Espero que você tenha razão, mas, por exemplo, nos EUA temos políticos bastante curiosos, pessoas em níveis muito elevados, que consideram a noção de um universo que se expande uma abominação, porque não está escrita na Bíblia. Se você me perguntar qual é a influência da religião em meu trabalho, eu diria que a religião não tem nada a nos dizer. Mas também diria que não temos nada a dizer à religião. São âmbitos diferentes, e muita gente se sente incomodada com isso.

De fato, George Lemaître, um dos pais da ideia do Big Bang, era um sacerdote católico. O senhor o conheceu?

Quando ele começava a se aposentar, eu começava a subir. Não o conheci pessoalmente, mas sim seu trabalho, e o admiro. Nos anos 1930, entendeu muito bem a teoria da relatividade de Einstein, era um indivíduo excepcional. É claro que era muito religioso, mas não tinha problema em reconciliar os dois âmbitos. Ele disse uma coisa de que eu gosto muito. Se um crente quer nadar, é melhor que o faça igual a um não crente. E o mesmo acontece com as ciências naturais: se um crente trabalha nelas, deve fazê-lo como um não crente.

Além de ajudar a conhecer o passado do universo, a física faz previsões sobre qual será seu destino final. Há alguma que lhe pareça mais interessante?

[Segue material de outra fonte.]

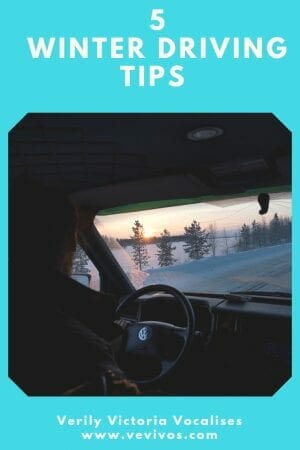 Here are 5 winter driving tips to help ensure your vehicle is in tip-top condition and ready for any snow and ice which comes our way!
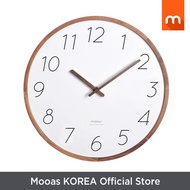Mooas Real Wood Wall Clock, Wood clock, Real wood, Wall clock, Home decor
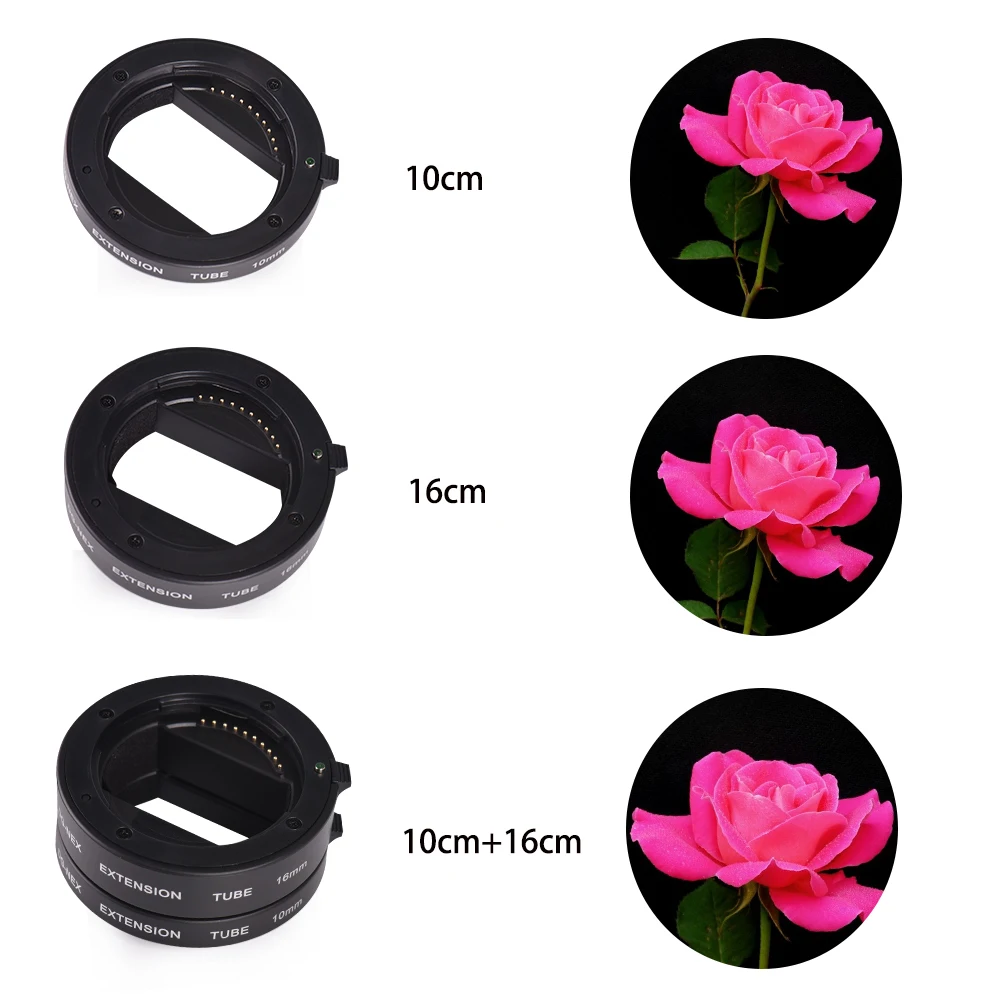 Макрокольцо с автофокусом Seafrogs Удлинительное Кольцо для Sony E Mount A6300 A6500 A6000 A7 A7II A7SII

Não acho essas previsões muito interessantes. O passado se entende muito melhor que o futuro porque há fósseis. O futuro é fascinante. Podemos dizer que o mundo acabará. Mas nossa ciência tem muitas dificuldades para entender o futuro, porque não entendemos bem a energia escura, que está afetando o ritmo de expansão do universo agora e poderá ter um efeito muito grande no futuro ou não, dependendo da natureza da energia escura, que desconhecemos. O universo continuará se expandindo ou se contrairá de novo até produzir um Big Crunch [grande esmagamento]? Para mim, é uma pergunta pouco interessante, porque não há forma de testar as respostas.